Your instructions -> Using only the entries below, output the lines starting at the one containing "Conjunto de carimbo" and ending at the one containing "King’s Day Koningsdag", exactly and inclusive of both, omitting the pictures.

Information provided ->
---+---

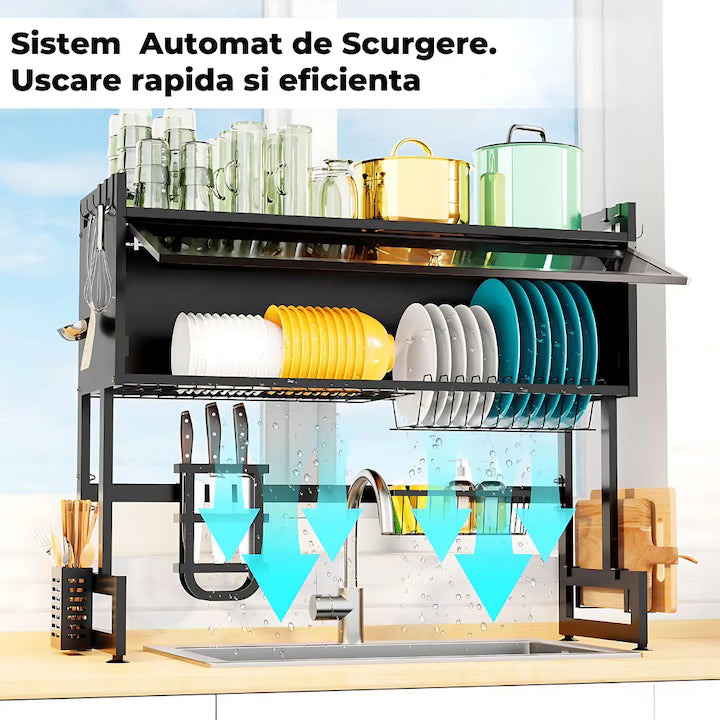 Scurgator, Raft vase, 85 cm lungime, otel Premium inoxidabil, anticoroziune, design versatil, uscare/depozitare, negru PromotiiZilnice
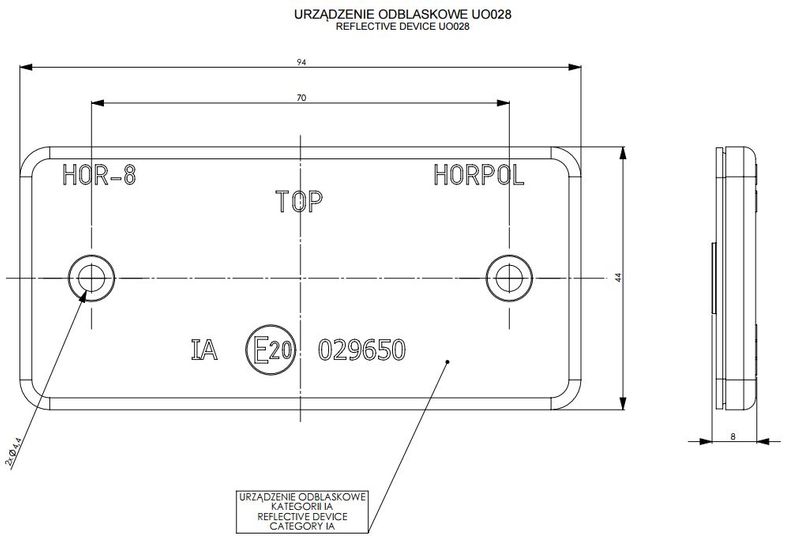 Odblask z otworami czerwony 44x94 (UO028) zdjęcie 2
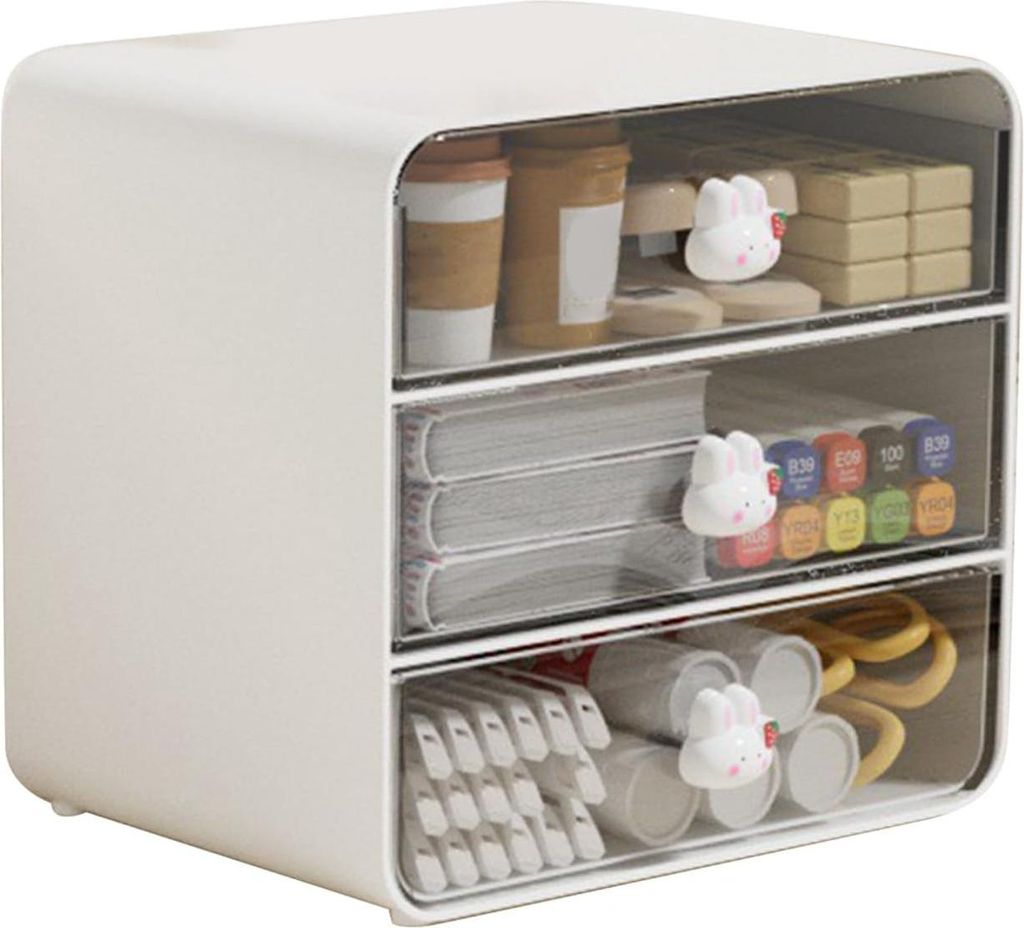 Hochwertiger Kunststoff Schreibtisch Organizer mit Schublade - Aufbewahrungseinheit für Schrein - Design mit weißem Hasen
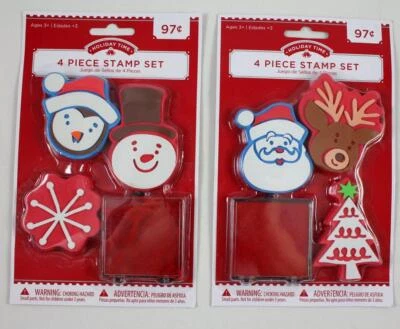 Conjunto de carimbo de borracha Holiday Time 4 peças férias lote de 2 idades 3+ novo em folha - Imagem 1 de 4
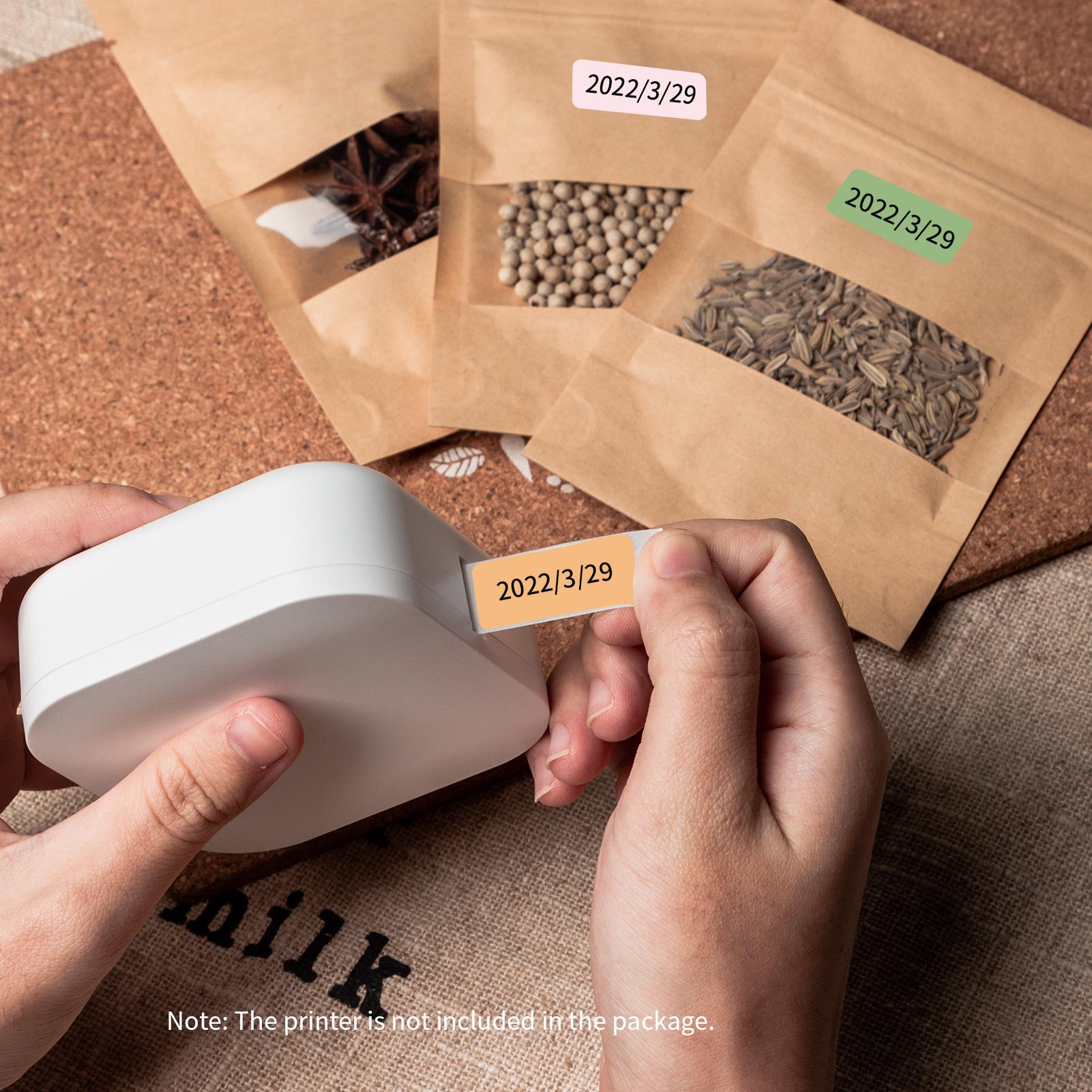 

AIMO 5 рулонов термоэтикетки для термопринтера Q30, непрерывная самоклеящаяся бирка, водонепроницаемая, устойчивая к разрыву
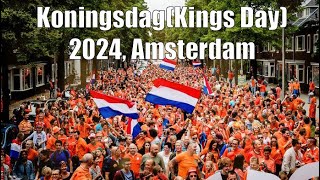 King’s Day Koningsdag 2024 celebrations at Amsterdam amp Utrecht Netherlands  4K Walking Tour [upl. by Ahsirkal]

---+---

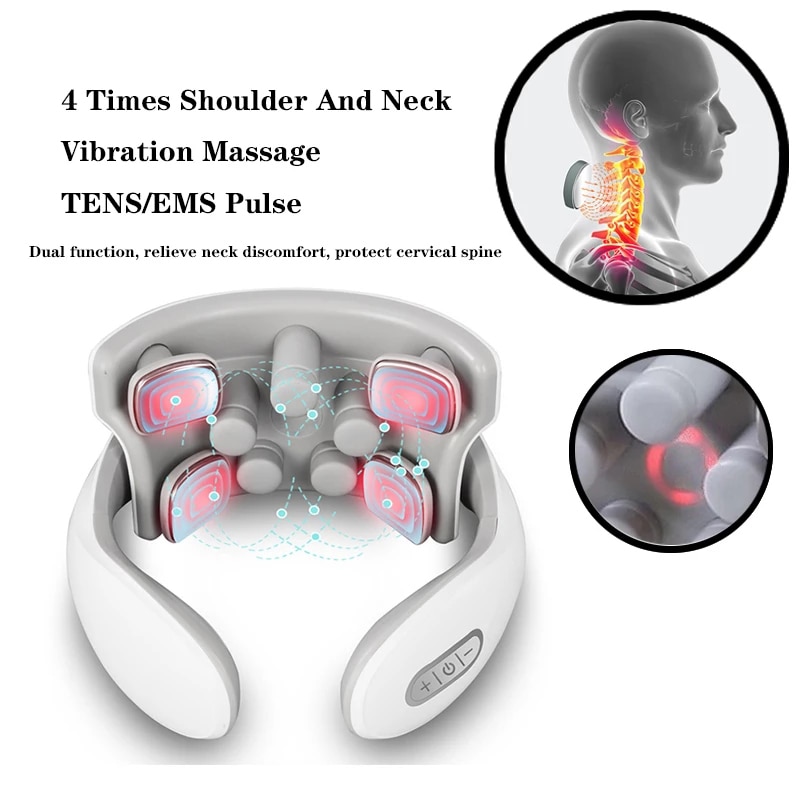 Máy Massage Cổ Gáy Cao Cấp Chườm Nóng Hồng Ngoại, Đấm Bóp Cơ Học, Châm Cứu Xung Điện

---+---

Written answer ->
 Conjunto de carimbo de borracha Holiday Time 4 peças férias lote de 2 idades 3+ novo em folha - Imagem 1 de 4

AIMO 5 рулонов термоэтикетки для термопринтера Q30, непрерывная самоклеящаяся бирка, водонепроницаемая, устойчивая к разрыву
 King’s Day Koningsdag 2024 celebrations at Amsterdam amp Utrecht Netherlands  4K Walking Tour [upl. by Ahsirkal]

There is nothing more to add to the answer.